I often run into situations which fall outside the realm of most existing microarray meta-analysis solutions- where I have two sets of arrays to compare (say, RNA from a particular cell type vs whole tissue), but the two sets are from different datasets and sometimes different platforms. Most of the time, a direct comparison is not appropriate because the variability due to the batch effect is greater than that due to the biology. Batch effect compensation methods such as COMBAT aren't appropriate as the batch effect and the target variable of interest are confounding.
So far, I've been normalizing the datasets separately and then compare them using RankProd. I'd like to try a different method, because I've had some complaints about unexpected results in my output genelists and so I'd like to make sure that the output from multiple methods correlates reasonably well so I can have some confidence in presenting the results. After doing a decent search, I haven't come up with much aside from RankProd and METRADISC that's actually semi-advertised as being able to handle this sort of scenario, the latter of which is also rank-based.
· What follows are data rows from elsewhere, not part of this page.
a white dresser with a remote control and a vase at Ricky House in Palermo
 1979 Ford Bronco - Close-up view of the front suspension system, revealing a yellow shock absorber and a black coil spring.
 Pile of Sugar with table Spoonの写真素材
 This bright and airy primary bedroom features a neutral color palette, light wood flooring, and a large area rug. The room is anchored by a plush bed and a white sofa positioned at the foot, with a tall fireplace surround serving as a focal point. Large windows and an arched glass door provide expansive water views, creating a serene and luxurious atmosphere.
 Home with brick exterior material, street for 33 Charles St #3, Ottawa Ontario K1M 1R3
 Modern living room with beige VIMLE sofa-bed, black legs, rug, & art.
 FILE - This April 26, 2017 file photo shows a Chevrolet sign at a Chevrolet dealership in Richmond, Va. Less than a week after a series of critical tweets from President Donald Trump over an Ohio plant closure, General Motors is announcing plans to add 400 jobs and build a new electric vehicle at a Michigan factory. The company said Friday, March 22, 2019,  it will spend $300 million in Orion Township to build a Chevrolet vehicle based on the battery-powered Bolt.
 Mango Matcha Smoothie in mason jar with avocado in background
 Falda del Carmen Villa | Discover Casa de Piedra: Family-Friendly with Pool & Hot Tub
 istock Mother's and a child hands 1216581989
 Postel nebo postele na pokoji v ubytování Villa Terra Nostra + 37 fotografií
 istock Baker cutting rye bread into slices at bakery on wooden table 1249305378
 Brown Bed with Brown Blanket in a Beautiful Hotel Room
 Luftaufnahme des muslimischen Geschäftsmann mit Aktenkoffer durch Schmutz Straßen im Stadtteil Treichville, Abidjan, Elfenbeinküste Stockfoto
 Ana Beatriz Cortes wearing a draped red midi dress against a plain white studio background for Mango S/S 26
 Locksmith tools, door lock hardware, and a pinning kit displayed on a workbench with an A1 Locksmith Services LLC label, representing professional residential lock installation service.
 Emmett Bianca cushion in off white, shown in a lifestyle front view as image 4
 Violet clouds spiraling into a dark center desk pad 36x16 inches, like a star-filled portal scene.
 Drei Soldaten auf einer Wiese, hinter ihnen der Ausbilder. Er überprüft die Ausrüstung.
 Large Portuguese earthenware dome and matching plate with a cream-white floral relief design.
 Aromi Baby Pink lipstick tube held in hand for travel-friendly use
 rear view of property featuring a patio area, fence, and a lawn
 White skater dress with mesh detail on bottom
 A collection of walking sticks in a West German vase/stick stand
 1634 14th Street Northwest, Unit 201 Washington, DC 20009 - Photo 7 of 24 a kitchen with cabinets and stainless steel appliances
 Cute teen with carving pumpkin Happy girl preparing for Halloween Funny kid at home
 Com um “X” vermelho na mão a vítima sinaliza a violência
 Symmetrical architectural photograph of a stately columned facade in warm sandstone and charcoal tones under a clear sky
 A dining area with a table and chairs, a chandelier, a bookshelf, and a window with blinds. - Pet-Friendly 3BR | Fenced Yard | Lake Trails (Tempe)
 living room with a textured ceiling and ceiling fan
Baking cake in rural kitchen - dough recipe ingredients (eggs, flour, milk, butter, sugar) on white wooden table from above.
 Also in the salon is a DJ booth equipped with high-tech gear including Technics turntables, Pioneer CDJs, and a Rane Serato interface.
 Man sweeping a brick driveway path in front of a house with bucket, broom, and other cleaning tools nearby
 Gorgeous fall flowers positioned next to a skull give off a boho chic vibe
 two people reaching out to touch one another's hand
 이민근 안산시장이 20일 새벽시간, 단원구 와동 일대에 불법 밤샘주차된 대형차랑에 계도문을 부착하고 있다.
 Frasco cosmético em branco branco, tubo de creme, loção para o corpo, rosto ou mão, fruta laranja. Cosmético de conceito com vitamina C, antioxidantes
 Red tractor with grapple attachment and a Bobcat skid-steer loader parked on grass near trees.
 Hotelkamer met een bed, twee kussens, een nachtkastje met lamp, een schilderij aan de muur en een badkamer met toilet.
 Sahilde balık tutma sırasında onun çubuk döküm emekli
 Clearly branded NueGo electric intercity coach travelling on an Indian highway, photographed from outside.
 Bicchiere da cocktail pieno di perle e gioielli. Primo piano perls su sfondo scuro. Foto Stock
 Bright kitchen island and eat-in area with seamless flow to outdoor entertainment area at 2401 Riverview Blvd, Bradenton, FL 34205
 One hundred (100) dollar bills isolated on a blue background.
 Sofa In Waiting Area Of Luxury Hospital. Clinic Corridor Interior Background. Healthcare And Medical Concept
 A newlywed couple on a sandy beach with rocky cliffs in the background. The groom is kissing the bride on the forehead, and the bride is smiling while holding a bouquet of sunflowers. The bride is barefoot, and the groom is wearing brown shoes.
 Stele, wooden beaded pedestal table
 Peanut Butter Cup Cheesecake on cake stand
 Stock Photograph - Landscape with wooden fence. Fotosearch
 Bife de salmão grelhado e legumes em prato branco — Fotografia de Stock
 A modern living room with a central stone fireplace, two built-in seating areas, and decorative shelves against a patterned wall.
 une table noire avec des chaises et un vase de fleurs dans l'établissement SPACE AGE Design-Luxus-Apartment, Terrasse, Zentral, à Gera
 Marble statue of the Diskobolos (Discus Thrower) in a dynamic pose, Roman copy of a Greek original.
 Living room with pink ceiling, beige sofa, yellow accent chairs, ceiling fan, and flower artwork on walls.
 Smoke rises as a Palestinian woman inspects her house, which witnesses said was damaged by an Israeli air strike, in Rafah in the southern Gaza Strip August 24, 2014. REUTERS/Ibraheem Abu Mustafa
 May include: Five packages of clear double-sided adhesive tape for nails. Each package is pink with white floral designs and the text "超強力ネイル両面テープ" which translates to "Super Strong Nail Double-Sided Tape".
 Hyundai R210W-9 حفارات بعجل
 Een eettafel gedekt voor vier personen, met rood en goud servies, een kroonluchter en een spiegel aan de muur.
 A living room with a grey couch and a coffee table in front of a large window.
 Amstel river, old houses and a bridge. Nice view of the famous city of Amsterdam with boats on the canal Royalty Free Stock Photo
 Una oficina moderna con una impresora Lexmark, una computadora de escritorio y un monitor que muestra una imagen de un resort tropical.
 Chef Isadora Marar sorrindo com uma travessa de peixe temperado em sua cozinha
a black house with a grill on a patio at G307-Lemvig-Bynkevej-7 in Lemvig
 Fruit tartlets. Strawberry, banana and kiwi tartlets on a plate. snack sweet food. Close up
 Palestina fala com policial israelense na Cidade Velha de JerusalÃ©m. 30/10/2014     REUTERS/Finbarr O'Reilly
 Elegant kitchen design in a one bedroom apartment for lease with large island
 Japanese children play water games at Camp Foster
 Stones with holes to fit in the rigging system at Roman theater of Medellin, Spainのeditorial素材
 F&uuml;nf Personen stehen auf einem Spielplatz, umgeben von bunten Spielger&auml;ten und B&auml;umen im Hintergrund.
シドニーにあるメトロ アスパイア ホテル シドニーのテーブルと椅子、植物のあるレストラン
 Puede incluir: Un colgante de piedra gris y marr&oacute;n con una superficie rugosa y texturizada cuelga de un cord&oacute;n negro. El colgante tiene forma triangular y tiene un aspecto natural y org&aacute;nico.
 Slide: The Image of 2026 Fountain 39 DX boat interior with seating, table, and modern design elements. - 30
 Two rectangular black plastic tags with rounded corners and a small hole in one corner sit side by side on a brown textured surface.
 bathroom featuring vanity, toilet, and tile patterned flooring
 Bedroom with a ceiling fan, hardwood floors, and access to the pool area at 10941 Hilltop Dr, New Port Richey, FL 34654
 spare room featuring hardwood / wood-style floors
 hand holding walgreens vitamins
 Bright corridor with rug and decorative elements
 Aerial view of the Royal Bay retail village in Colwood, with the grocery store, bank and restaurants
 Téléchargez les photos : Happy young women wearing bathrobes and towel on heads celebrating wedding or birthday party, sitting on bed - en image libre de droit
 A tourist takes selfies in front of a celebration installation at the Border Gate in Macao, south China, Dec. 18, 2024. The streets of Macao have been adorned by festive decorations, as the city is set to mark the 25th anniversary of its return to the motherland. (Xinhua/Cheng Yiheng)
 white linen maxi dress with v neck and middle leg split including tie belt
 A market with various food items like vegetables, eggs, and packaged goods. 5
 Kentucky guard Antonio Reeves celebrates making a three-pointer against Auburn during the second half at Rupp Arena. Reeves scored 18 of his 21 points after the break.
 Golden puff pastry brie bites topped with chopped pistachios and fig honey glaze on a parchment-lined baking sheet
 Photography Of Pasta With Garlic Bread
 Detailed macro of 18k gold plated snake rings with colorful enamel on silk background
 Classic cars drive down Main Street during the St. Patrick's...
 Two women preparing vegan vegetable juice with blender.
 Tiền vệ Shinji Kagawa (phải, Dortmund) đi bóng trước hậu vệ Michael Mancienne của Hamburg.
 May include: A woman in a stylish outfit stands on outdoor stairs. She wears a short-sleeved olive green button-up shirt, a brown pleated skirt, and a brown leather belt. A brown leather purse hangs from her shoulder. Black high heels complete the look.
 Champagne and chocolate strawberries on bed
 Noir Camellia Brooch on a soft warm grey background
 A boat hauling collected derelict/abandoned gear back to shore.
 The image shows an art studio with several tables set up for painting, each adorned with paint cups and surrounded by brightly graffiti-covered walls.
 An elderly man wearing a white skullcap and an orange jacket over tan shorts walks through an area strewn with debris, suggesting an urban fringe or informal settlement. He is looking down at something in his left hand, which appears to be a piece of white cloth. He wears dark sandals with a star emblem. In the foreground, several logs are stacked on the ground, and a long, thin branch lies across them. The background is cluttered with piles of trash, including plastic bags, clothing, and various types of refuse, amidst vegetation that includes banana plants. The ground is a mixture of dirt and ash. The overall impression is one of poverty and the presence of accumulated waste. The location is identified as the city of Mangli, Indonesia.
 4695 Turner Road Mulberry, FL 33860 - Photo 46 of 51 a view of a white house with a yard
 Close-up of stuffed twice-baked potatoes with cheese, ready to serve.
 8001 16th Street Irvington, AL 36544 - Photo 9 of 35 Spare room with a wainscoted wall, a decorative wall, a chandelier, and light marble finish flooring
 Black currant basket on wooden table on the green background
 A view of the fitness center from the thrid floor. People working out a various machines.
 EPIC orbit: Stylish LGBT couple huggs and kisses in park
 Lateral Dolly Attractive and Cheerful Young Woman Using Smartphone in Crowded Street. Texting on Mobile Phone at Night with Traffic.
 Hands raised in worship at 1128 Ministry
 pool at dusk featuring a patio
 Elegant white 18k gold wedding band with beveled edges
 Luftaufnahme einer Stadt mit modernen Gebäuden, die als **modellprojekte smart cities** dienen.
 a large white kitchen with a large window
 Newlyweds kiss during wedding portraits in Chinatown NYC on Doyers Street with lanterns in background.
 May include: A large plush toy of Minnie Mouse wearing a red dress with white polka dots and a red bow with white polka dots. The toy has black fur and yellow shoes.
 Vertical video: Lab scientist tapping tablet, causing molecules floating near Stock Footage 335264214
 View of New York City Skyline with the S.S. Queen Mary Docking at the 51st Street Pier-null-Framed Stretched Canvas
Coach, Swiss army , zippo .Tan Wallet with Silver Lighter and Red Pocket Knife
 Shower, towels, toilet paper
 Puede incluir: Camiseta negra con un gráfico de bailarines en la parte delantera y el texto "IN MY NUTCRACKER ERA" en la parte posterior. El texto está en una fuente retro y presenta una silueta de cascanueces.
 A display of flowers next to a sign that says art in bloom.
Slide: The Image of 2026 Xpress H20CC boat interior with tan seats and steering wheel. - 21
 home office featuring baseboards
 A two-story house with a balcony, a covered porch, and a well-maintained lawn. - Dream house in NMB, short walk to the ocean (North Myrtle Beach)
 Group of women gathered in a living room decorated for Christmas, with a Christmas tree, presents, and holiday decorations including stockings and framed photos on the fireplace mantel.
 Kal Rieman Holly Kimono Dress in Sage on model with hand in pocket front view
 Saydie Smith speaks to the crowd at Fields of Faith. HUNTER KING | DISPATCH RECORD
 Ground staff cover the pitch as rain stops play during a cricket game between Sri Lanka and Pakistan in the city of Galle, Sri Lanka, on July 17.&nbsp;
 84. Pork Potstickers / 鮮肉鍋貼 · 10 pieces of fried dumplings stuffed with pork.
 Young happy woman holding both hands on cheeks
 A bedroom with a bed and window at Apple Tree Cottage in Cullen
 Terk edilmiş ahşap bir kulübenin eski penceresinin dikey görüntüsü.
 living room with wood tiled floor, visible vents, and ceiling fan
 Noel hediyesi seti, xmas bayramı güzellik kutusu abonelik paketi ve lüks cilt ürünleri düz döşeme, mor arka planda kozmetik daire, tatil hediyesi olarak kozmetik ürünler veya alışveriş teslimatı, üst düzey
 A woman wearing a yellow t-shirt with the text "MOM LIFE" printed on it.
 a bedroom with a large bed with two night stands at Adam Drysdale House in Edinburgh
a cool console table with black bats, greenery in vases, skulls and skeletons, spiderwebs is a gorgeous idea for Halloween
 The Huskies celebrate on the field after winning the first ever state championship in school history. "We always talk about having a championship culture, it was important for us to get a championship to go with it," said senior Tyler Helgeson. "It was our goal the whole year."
I'm starting to get to the point of just wanting to try some thing that sound crazy, like normalizing separately, combining, median-centering/scaling (when there's more than one data set involved), and then transforming to POE (MetaArray package) and following with differential expression testing. Would that actually...work?
Is it appropriate to use an effect size-based method as implemented in GeneMeta for this sort of thing?
I've been holding off on experimenting with this until finding a more solid answer, but it seems like I really need to make some progress on this soon.
I highlighted the question; it was a little bit lost in the text :)
Thanks, ultimately it's about soliciting for suggestions to deal with such a scenario. Really seems like I need to practice refining effective questions!